Work instruction -> Repeat exactly the lines below, from the line containing "2017 volkswagen jetta 1.4t se" through the last line, both included. Leave out any pictures.

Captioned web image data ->
━━━
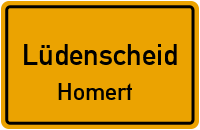 Homert in LüdenscheidHomert
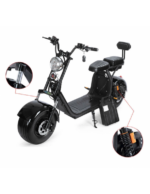 Batterie City Coco Range 3 de 2000 watts et 20 Ah homologuée pour la route – Image 6
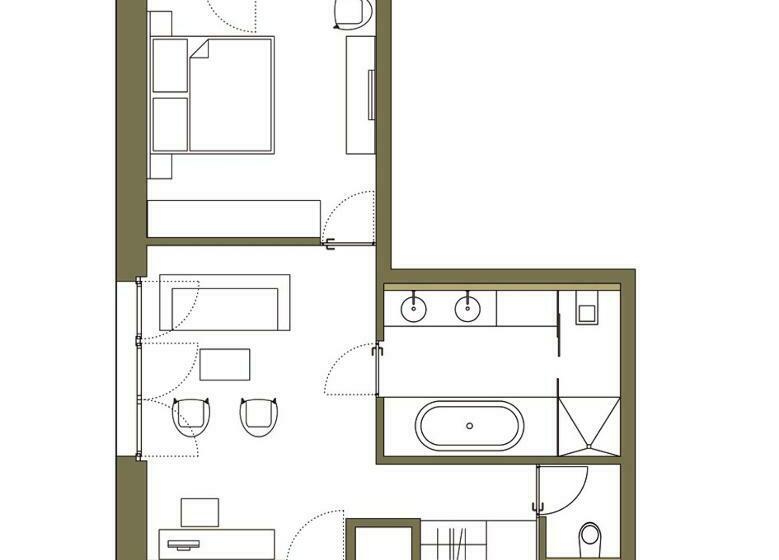 デラックススイート, Steffisalp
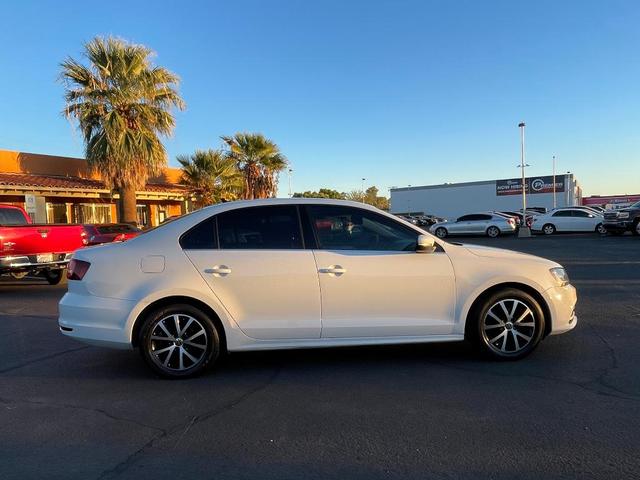 2017 volkswagen jetta 1.4t se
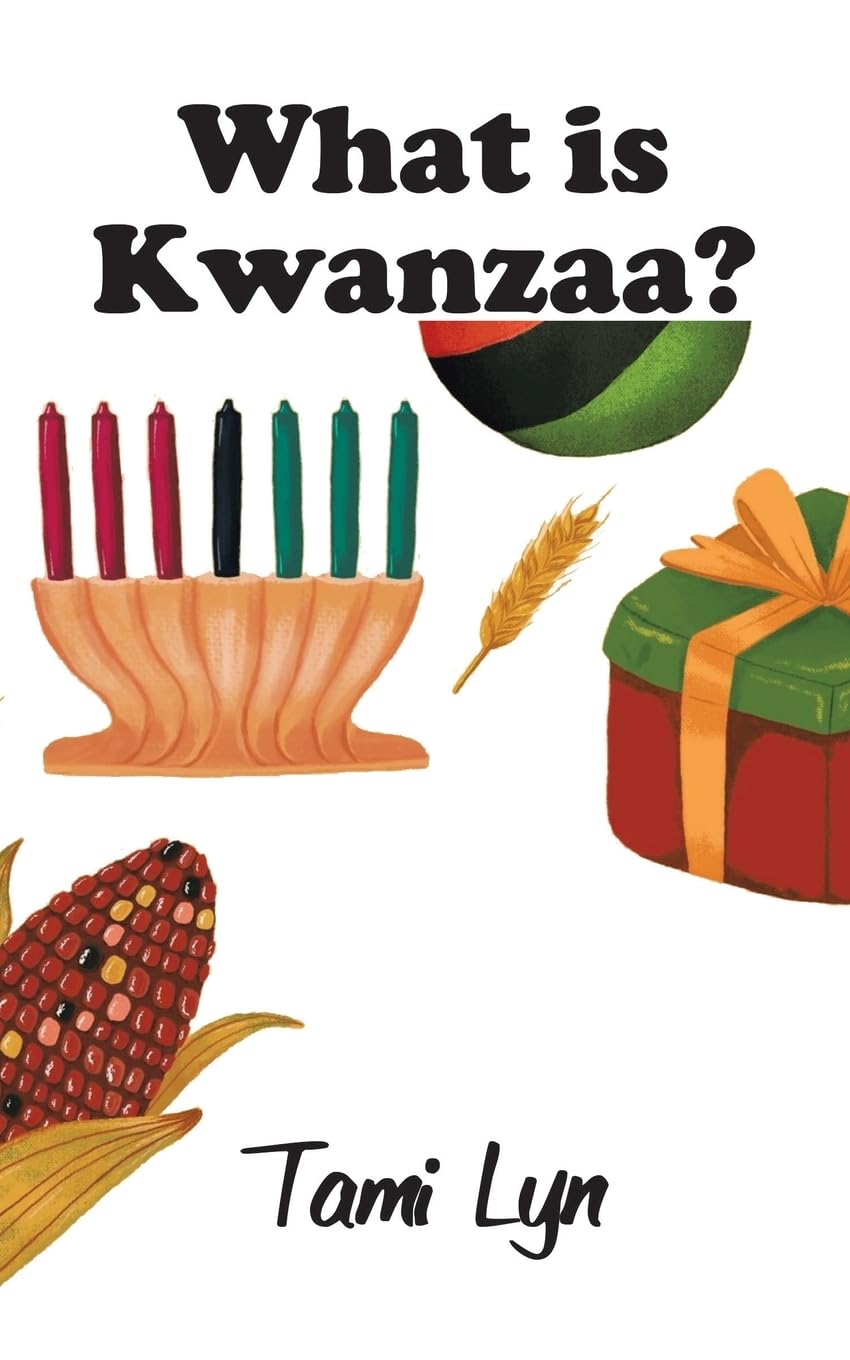 WHAT IS KWANZAA?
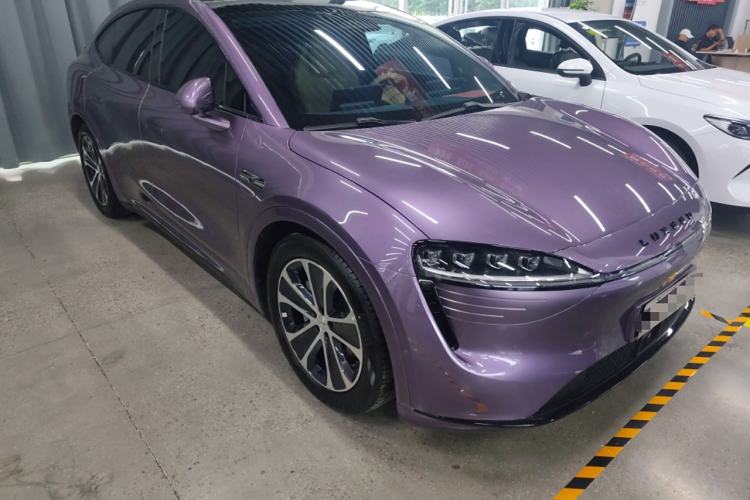 Used Hima Luxeed R7 2024 Pure Electric 667km Pro Exterior 2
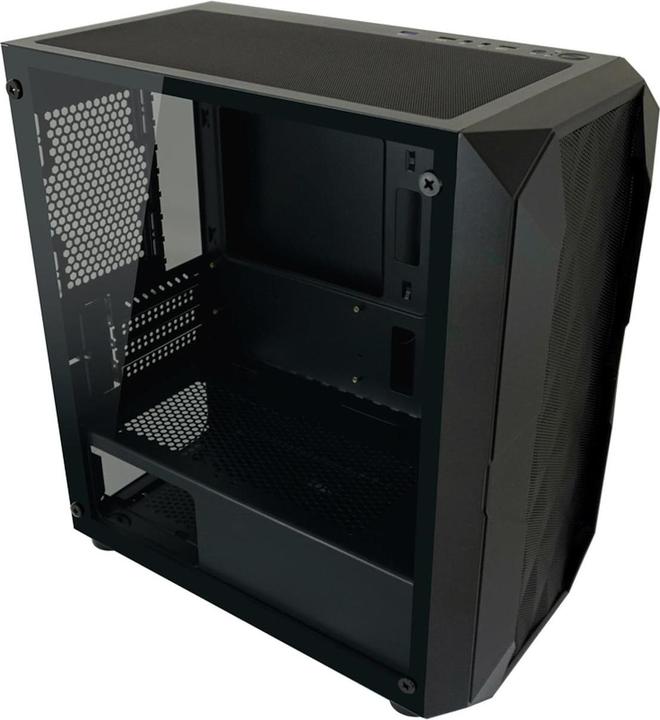 Actual product image LC-Power Polynom X (mATX, Mini-ITX)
━━━
Response to the task ->
 2017 volkswagen jetta 1.4t se
 WHAT IS KWANZAA?
 Used Hima Luxeed R7 2024 Pure Electric 667km Pro Exterior 2
 Actual product image LC-Power Polynom X (mATX, Mini-ITX)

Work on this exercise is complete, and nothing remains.